19 May 2010

This war can’t be won by mines and bullets

It is not litigants who’ve gone to court seeking the rehabilitation of civilians or ‘civil society activists’ but the Maoists and the State who must answer for the deaths of innocents in Chhattisgarh...






20 May 2010
The Hindu

This war can’t be won by mines and bullets

It is not litigants who’ve gone to court seeking the rehabilitation of civilians or ‘civil society activists’ but the Maoists and the State who must answer for the deaths of innocents in Chhattisgarh

Siddharth Varadarajan

Whether Operation Green Hunt actually exists or is, as P. Chidambaram insists, a figment of the media’s imagination, Monday’s deadly Maoist attack on a bus in Dantewada suggests it is the hunted that are doing most of the hunting.

Over the past six weeks, the Maoists in Chhattisgarh have killed more than 90 policemen or jawans from the CRPF or local constabulary. The 76 men killed in Chintalnar in April represent, perhaps, the highest casualty figure sustained by state forces in a single incident in a war anywhere in the world in years. Apart from the six villagers executed on Sunday after a kangaroo ‘peoples court’ found them guilty of being “informers”, the Communist Party of India (Maoist) killed 15 civilians in their attack on the bus, injuring scores more.

In the latest incident, the primary target was probably the group of Special Police Officers (SPOs) who were travelling on the roof of the bus. But even so, the fact that the bus was full of civilian passengers would have been obvious to the Maoist commanders whose spotters were apparently tracking the SPOs. That they chose to go ahead and detonate the land mine or IED by remote control knowing a large number of non-combatants would die should be a lesson for anyone who harbours illusions about the Maoists and their project.

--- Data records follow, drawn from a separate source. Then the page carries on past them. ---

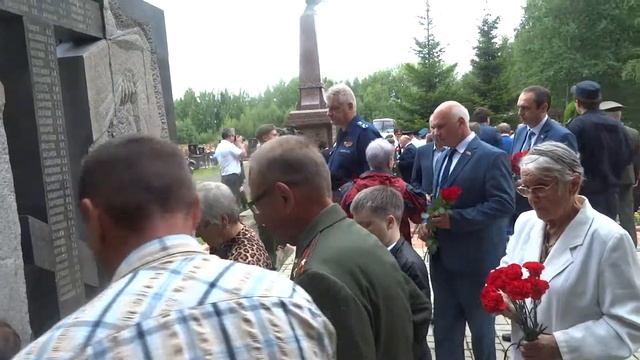 Бессмертный батальон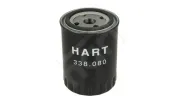 Ölfilter HART 338 080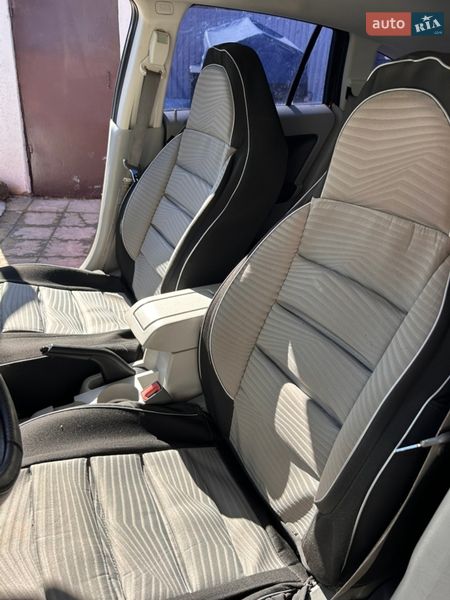 Внедорожник / Кроссовер Dodge Caliber 2007 в Киеве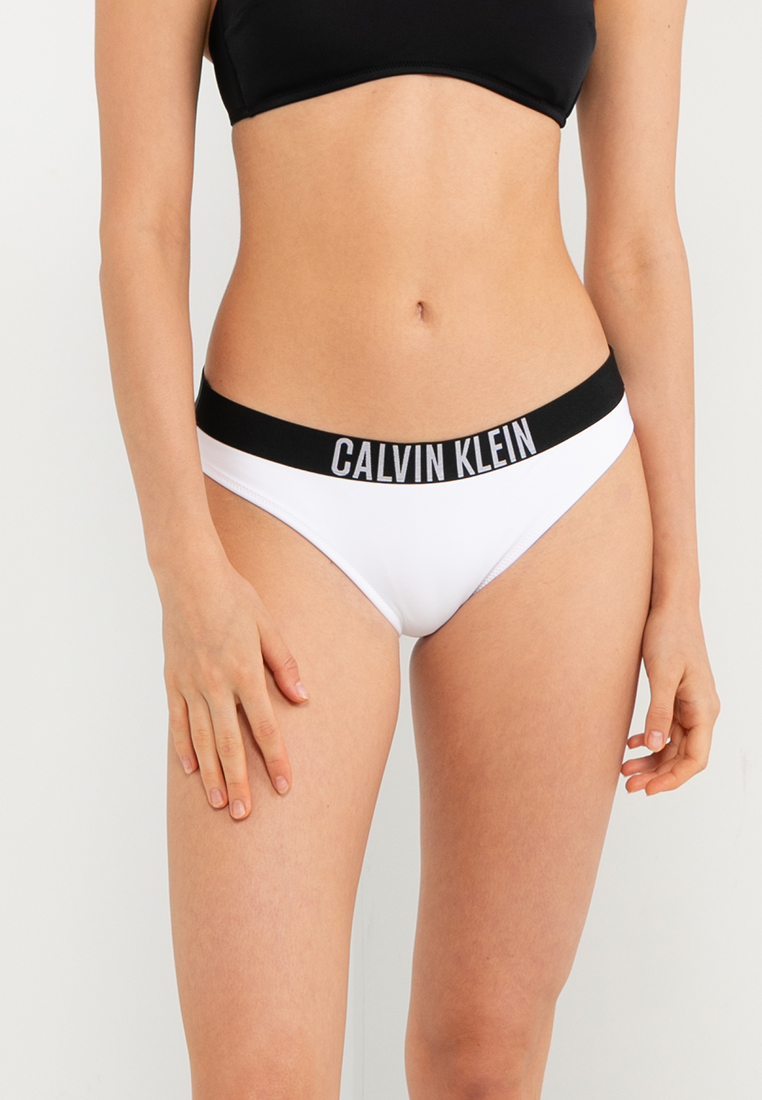 Classic Bikini Briefs - Calvin Klein Sport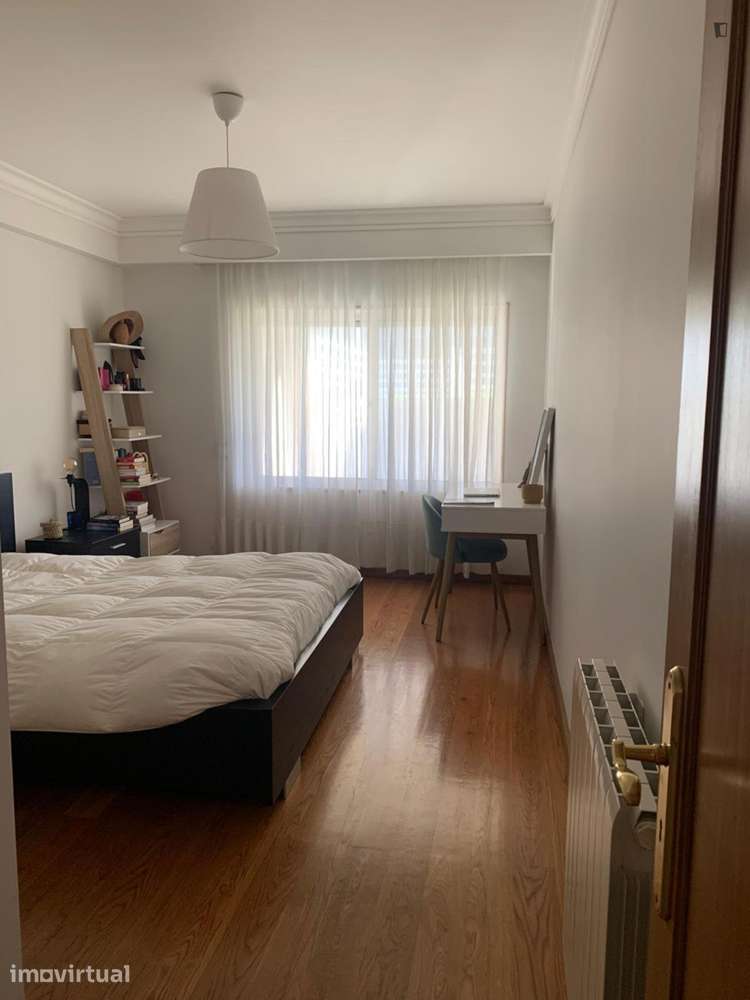 Apartamento com 1 quartos - localizado em Madalena Porto - Grande imagem: 3/18
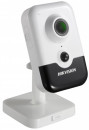 Видеокамера IP Hikvision DS-2CD2423G0-IW 2.8-2.8мм цветная корп.:белый2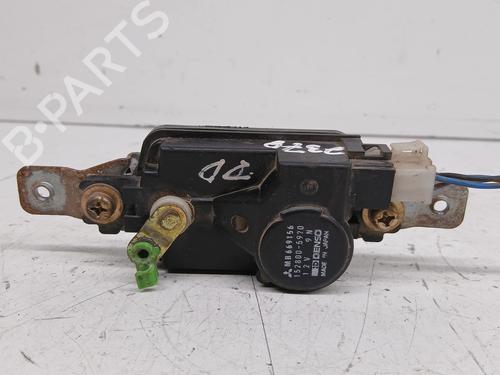 Used Electronic module Electronic module MITSUBISHI PAJERO II (V3_W, V2_W, V4_W, V5_W) 3.0 V6 24V (V43W, V23W) (177 hp) 33245923 33245923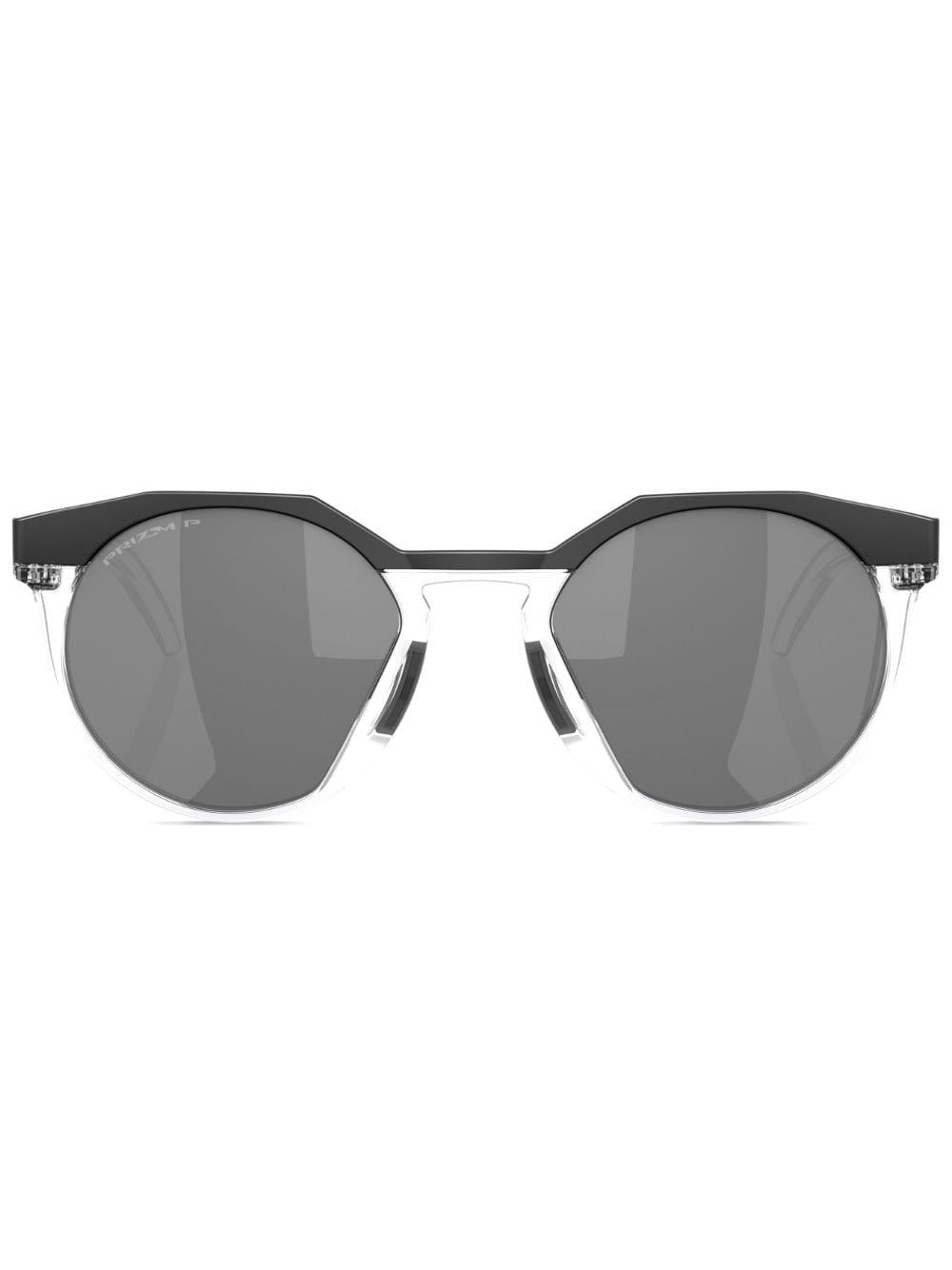 Round-frame sunglasses<BR/><BR/> 0OO9242 924205 OAKLEY 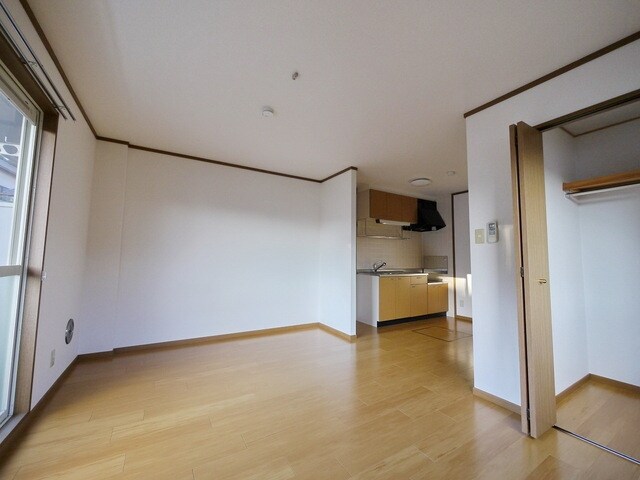 ドーミトリーの物件内観写真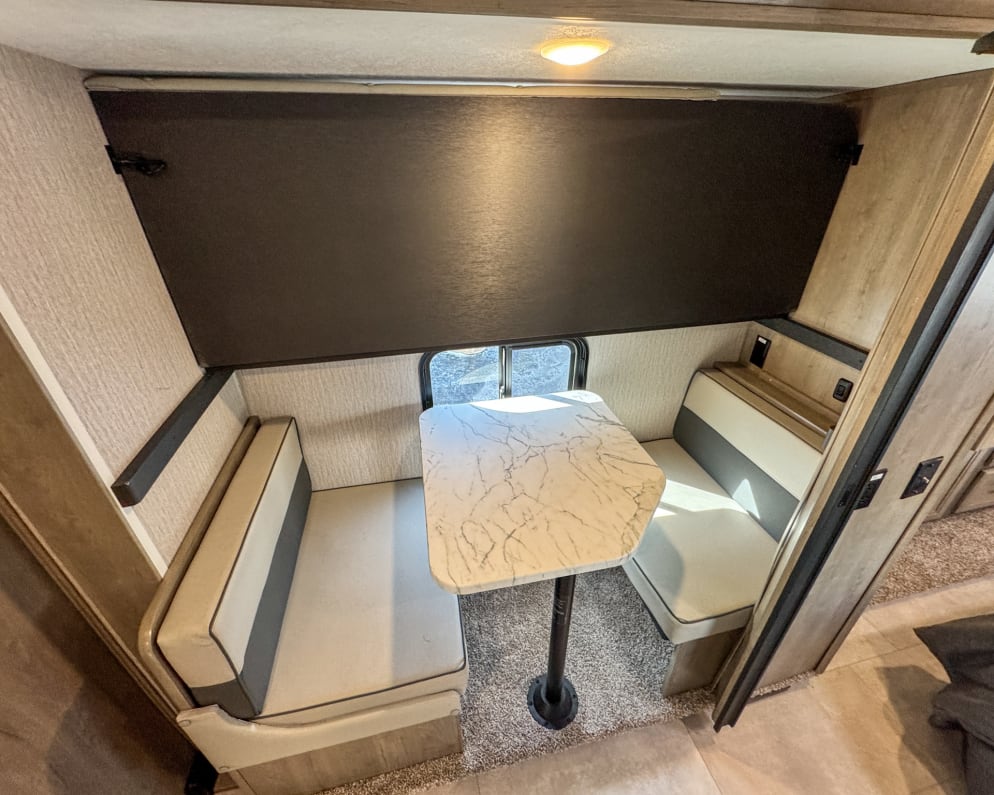 2023 Coachmen Freelander Class C for rent in Exton Pennsylvania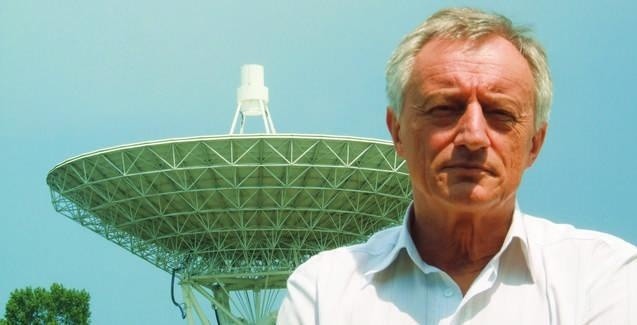 W Piwnicach stoi jeden z najlepszych radioteleskopów na świecie. Ten, który ma powstać w Borach Tucholskich czaszę ma mieć taką samą.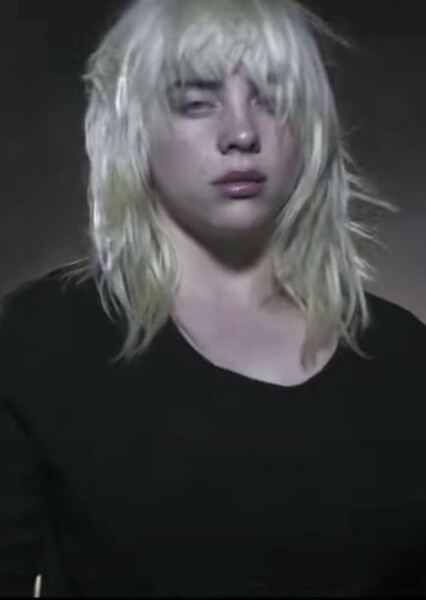 NDA (Billie Eilish song)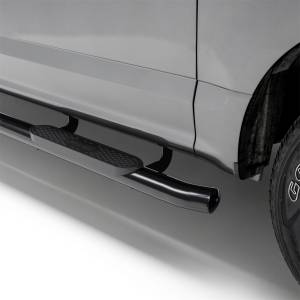 ARIES - ARIES The Standard 4 in. Oval Nerf Bar S222008 - Image 2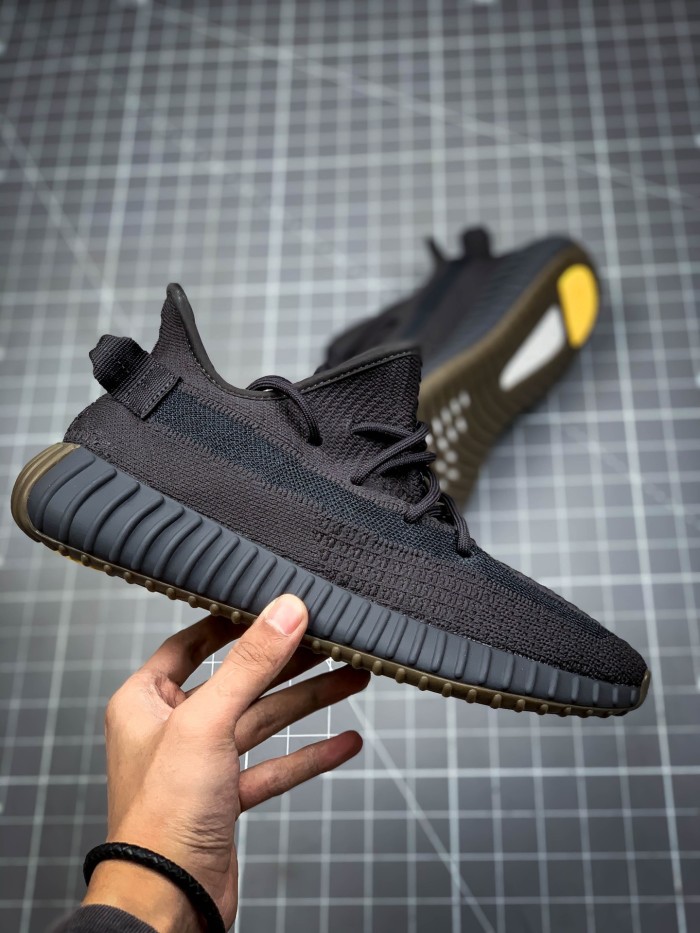 Yeezy 350 Boost V2 “Cinder Non-Reflective”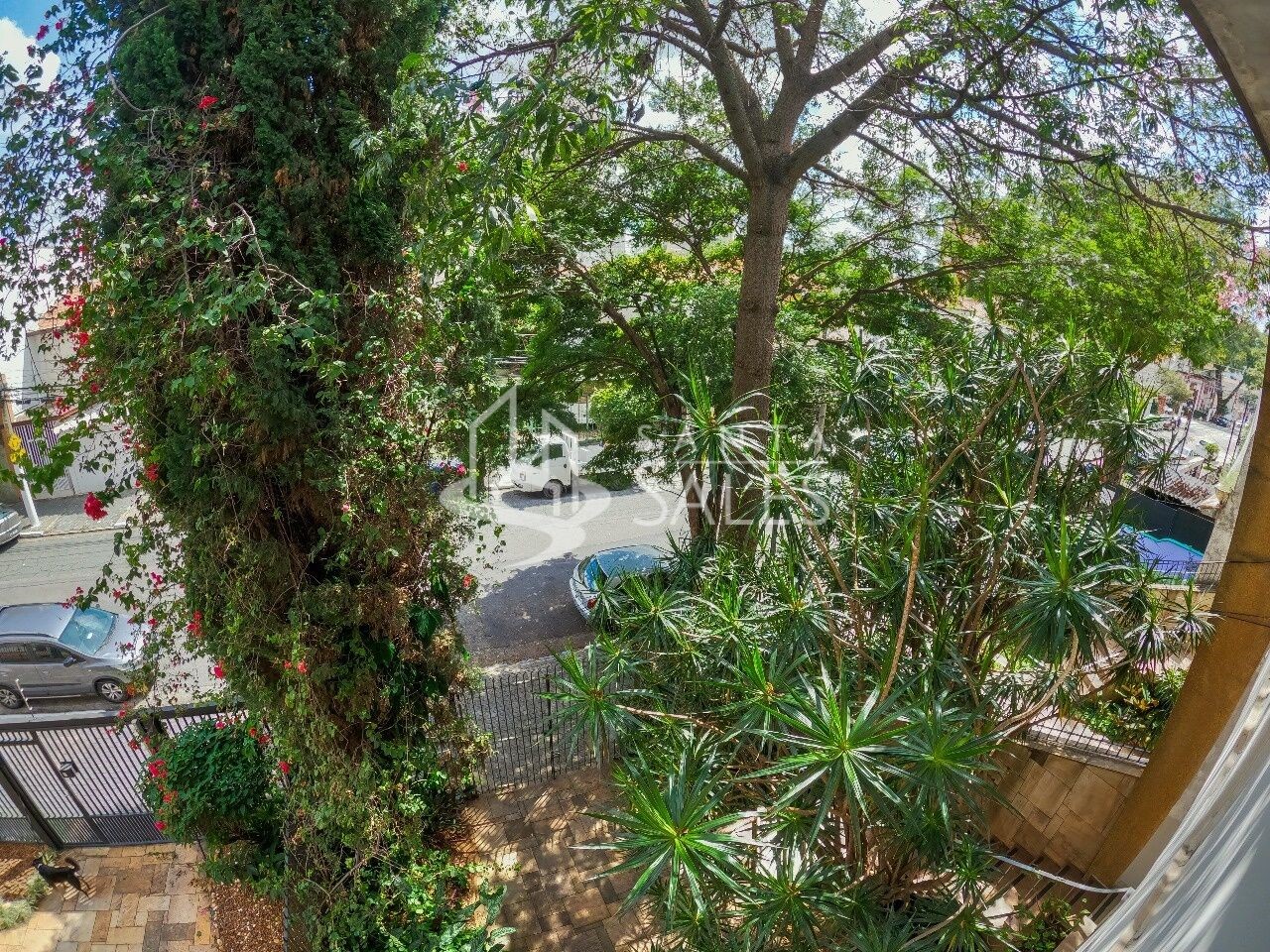 Sobrado, 4 quartos, 400 m² - Foto 18
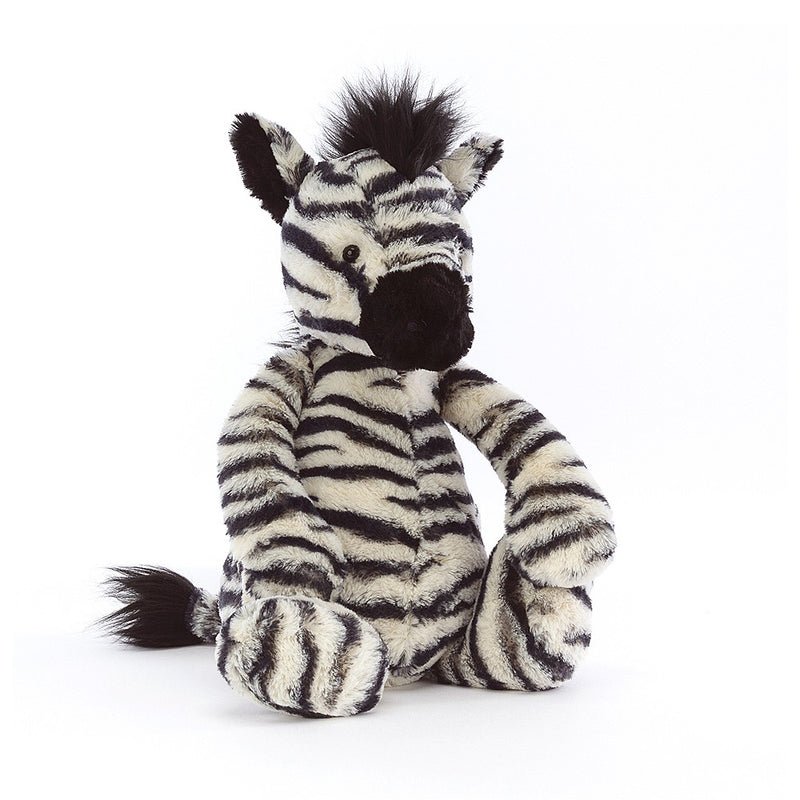 Jellycat | Bashful Zebra - Medium
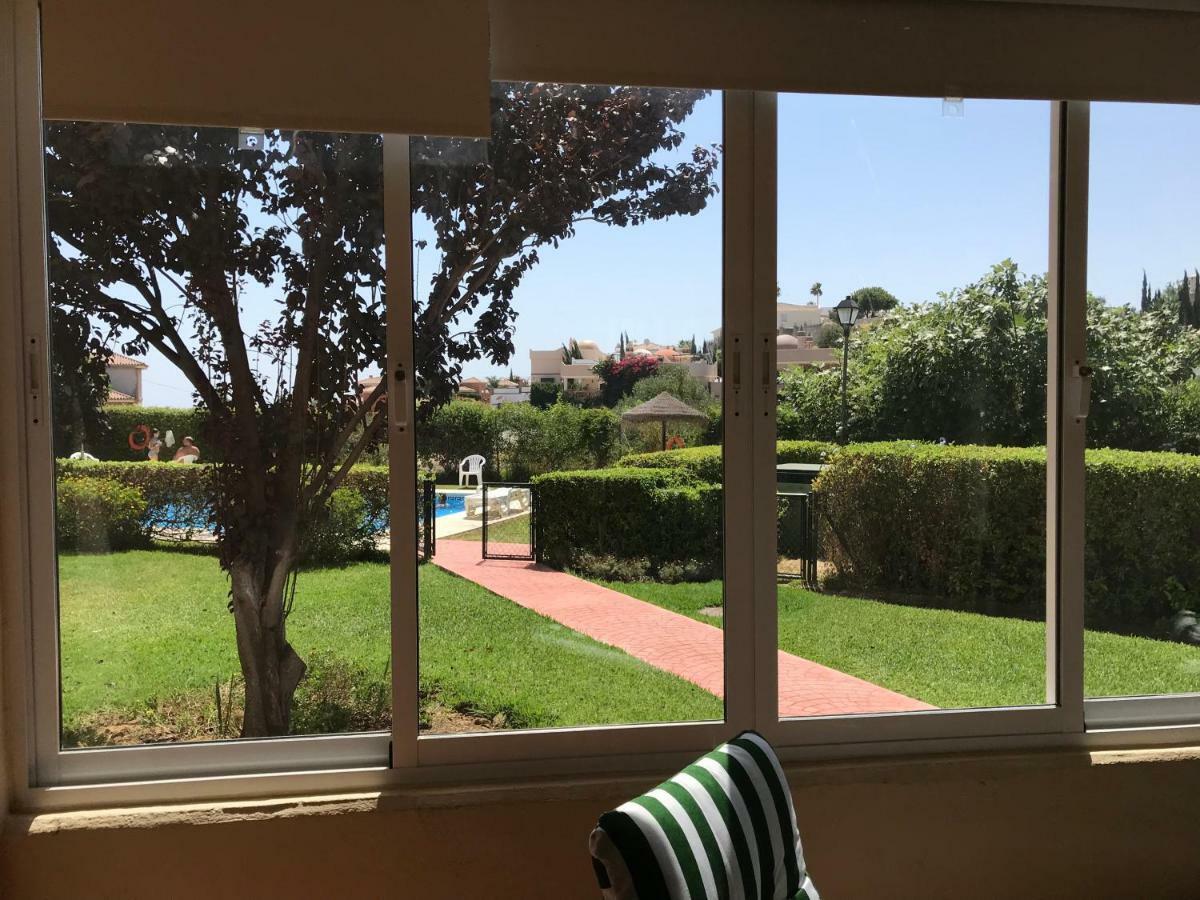 Apartamento Las Brisas Mijas Extérieur photo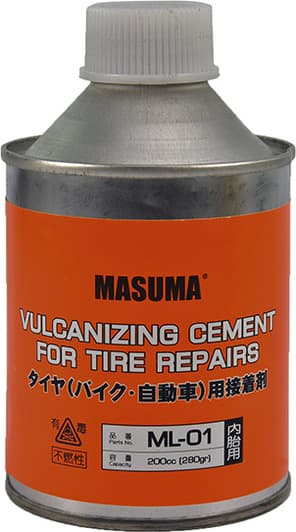 Клей MASUMA для кордових латок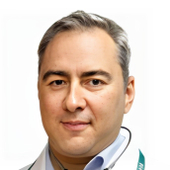 Зайцев Владимир Вячеславович, терапевт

When I had the opportunity to put some questions in writing to Azad, spokesman of the Maoists, in March, I was keen to push him on whether or not his party believed it had an obligation to conform to international humanitarian law. This is the body of rules which regulates armed conflict. The targeting of civilians and the killing of captives, for example, is expressly forbidden. As a format, written questions and answers do not allow the interviewer to pose counter-questions. Given this limitation, I anticipated the answer Azad would give on the question of the laws of war – that his fighters were not obliged to follow them because the government itself wasn’t doing so – and suggested this was tantamount to admitting the Maoist party subscribes to the same political culture and moral universe as the state it condemns. This suggestion of mine was met with silence but the attack on the bus is answer enough. The Maoists are not Gandhians with guns.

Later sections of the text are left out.